During the prototype evaluation, the Army changed the AAH primary antitank weapon from the proven TOW wire-guided missile to the new Hellfire laser-guided missile, with over twice the effective range. This was risky because Hellfire had not even been flown at the time, with the initial development contract with Rockwell International signed in October 1976.
Selection and afterwardEdit
After evaluating test results, the Army selected Hughes' YAH-64A over Bell's YAH-63A on 10 December 1976. Both designs were regarded as good, but the Hughes design seemed to have an edge in survivability. Reasons for selecting the YAH-64A included its more damage-tolerant four-blade main rotor and reduced stability of the YAH-63's tricycle landing gear arrangement.
The AH-64A then entered phase 2 of the AAH program.

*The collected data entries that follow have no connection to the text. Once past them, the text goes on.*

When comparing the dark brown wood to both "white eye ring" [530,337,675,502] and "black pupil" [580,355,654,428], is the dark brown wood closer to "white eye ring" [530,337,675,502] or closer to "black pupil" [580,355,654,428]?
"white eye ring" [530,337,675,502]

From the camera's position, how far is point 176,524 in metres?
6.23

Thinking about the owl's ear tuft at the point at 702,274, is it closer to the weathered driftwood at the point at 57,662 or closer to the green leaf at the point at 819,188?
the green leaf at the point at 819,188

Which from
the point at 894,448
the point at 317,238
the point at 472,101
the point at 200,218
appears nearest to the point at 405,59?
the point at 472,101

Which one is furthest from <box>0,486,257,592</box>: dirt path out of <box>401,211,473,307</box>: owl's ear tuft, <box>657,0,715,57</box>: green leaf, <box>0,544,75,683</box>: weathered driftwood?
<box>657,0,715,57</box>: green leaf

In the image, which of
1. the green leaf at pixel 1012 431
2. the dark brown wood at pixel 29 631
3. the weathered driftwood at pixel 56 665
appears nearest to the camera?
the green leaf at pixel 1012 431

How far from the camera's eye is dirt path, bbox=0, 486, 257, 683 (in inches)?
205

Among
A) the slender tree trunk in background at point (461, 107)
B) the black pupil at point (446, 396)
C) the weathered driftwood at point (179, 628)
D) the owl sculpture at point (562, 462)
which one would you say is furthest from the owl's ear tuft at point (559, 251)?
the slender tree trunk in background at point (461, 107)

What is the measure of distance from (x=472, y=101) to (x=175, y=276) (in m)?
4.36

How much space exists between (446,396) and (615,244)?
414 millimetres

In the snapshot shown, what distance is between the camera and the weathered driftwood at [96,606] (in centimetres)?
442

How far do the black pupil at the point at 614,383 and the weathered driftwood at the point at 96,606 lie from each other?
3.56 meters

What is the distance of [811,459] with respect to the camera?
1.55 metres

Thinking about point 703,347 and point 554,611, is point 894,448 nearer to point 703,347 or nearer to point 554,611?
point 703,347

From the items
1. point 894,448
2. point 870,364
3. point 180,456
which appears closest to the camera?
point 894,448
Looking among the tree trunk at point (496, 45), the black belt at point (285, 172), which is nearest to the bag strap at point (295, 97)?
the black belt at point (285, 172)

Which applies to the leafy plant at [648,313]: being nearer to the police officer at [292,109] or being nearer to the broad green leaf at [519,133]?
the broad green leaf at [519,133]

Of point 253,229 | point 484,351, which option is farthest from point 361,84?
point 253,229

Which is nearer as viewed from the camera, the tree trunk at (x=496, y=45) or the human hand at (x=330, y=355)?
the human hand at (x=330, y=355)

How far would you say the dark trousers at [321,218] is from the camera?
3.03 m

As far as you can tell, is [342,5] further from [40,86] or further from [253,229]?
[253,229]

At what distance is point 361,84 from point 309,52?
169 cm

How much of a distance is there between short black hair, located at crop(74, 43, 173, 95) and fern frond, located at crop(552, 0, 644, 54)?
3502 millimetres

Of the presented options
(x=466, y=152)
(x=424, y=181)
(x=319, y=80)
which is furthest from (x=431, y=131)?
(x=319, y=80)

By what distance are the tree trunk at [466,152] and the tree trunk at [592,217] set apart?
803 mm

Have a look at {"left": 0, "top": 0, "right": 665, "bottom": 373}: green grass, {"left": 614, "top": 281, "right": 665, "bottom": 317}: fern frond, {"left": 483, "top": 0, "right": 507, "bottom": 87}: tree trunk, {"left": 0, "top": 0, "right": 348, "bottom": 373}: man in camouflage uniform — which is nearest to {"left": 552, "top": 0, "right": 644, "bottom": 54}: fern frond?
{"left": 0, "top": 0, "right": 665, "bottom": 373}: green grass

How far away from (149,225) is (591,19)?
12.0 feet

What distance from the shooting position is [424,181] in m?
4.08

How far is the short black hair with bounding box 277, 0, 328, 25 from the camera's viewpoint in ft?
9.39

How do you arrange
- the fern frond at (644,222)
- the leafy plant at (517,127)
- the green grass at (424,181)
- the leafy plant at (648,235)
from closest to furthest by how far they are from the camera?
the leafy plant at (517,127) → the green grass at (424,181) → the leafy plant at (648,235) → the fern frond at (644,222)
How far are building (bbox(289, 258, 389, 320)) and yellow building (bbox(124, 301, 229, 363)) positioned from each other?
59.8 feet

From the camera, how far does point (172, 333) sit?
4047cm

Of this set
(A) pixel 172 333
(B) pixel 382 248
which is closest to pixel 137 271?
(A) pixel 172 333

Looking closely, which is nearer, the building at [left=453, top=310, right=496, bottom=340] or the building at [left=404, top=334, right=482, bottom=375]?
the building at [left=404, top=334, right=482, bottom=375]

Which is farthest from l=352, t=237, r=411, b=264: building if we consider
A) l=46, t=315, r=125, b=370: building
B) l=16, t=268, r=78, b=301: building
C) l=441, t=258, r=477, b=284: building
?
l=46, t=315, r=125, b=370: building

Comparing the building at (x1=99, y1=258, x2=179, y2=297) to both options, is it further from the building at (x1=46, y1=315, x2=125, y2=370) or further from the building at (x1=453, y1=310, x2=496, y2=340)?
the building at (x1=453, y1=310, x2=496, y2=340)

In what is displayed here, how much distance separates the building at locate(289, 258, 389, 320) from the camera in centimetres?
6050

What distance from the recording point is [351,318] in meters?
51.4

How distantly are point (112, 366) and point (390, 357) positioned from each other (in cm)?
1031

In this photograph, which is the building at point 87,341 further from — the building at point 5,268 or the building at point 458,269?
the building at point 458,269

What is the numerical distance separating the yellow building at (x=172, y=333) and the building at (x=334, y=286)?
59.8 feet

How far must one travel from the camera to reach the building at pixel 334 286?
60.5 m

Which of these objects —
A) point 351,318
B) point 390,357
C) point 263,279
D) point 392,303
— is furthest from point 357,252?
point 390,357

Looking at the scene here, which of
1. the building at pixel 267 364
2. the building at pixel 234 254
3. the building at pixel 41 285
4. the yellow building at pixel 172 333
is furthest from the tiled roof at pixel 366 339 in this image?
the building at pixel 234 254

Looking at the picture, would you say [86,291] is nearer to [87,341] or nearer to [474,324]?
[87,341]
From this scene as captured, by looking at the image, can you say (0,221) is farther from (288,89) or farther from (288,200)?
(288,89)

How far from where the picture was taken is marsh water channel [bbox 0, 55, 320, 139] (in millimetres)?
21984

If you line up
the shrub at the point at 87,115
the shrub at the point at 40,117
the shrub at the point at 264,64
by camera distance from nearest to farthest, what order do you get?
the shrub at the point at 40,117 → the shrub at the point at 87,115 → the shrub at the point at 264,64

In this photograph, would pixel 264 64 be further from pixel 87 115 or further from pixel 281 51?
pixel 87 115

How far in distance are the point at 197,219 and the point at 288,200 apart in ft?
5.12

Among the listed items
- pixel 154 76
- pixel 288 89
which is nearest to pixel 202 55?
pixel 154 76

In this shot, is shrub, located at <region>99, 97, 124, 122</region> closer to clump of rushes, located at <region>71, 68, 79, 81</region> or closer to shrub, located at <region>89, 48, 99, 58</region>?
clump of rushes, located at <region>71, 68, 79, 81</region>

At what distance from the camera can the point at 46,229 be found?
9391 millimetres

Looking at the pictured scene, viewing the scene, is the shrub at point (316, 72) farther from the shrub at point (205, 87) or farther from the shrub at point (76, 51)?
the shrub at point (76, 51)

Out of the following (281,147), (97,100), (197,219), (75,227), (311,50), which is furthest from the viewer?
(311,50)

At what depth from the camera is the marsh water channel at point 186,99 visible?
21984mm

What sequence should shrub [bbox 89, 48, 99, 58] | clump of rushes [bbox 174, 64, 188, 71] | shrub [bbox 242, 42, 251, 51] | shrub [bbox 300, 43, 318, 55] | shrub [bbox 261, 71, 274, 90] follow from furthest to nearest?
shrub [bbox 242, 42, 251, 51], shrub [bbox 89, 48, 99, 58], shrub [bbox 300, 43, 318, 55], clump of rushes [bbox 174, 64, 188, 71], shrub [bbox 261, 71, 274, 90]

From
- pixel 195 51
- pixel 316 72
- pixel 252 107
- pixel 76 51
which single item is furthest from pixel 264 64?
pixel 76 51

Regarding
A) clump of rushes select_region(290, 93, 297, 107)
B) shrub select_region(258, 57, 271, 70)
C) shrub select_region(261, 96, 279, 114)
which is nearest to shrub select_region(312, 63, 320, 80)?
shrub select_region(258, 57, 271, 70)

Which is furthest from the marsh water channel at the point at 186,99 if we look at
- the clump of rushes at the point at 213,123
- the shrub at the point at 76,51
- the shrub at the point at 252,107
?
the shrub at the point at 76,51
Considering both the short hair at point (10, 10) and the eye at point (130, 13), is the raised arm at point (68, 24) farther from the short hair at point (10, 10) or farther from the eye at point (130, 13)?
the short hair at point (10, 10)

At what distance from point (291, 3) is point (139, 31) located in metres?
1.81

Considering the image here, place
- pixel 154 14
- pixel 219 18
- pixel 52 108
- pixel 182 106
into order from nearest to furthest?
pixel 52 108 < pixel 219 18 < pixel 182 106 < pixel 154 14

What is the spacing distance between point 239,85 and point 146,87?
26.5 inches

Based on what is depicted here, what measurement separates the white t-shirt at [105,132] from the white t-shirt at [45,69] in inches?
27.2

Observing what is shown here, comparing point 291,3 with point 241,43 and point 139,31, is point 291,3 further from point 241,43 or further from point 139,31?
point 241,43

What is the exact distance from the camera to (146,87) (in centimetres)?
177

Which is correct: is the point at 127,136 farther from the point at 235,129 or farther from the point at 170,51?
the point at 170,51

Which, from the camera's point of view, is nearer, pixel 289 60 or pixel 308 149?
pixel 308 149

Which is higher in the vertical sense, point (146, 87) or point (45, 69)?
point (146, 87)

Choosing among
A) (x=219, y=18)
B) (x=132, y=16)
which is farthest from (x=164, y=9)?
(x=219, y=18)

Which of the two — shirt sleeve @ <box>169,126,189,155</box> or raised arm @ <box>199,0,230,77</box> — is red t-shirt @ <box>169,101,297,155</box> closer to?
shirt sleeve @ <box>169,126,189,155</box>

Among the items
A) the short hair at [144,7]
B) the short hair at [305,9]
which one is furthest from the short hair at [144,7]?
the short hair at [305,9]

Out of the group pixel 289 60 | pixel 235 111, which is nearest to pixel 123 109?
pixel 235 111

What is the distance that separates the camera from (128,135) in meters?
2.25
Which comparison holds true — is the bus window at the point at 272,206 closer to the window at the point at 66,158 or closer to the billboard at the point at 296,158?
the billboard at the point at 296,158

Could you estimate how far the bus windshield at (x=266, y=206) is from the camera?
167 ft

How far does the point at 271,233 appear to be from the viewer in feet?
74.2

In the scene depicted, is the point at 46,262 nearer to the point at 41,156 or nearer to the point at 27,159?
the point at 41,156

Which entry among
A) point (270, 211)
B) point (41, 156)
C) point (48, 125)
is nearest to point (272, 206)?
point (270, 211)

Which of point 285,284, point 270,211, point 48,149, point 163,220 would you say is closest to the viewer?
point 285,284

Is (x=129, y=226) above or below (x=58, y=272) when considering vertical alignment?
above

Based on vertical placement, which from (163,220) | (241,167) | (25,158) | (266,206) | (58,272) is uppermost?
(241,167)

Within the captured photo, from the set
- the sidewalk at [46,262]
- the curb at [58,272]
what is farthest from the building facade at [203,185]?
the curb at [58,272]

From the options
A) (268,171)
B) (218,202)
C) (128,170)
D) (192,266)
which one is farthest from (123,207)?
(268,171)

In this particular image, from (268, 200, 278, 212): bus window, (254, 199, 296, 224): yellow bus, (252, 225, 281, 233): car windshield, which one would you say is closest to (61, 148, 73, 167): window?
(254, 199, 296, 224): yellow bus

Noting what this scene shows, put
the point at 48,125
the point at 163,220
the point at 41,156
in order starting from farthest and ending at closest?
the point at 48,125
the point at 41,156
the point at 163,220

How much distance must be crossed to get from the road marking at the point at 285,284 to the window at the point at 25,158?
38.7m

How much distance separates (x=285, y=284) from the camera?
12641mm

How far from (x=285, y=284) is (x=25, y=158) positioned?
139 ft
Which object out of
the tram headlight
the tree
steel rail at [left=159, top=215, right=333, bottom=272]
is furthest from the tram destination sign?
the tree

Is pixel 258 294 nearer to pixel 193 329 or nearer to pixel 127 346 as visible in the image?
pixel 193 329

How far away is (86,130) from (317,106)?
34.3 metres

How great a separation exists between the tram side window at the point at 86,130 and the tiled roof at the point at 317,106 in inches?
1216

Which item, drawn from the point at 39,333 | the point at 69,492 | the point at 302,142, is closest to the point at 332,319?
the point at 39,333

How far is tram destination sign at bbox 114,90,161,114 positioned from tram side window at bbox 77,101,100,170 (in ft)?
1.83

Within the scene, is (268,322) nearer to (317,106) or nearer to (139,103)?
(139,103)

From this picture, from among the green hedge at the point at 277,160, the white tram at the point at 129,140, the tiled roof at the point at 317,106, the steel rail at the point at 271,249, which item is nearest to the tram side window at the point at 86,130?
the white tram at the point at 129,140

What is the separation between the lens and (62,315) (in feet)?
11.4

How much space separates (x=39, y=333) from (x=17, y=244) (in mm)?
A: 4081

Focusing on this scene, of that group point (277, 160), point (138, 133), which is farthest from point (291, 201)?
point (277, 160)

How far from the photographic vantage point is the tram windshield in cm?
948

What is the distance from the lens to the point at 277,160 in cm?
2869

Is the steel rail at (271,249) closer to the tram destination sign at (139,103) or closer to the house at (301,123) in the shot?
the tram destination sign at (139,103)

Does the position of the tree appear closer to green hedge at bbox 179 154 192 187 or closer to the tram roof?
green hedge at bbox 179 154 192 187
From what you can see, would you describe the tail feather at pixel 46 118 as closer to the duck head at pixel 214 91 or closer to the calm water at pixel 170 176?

This called for building three preproduction AH-64s, and upgrading the two YAH-64A flight prototypes and the ground test unit up to the same standard. Weapons and sensor systems were integrated and tested during this time, including the new Hellfire missile.
The Phase 2 program suffered through a number of delays for various reasons and stretched out to over five years. The first Phase 2 flight, of an upgraded initial prototype, was on 28 November 1977, with the first flight of a newbuild preproduction prototype on 31 October 1979. Initial Hellfire launches had already taken place by then, with first firings in April 1979. A competitive evaluation of preproduction helicopters, one fitted with the Martin Marietta sensor / targeting suite and the other fitted with the Northrop suite, was performed, with Martin Marietta winning the competition in April 1980. An initial production order for 11 "AH-64A Apache" attack helicopters was issued on 26 March 1982.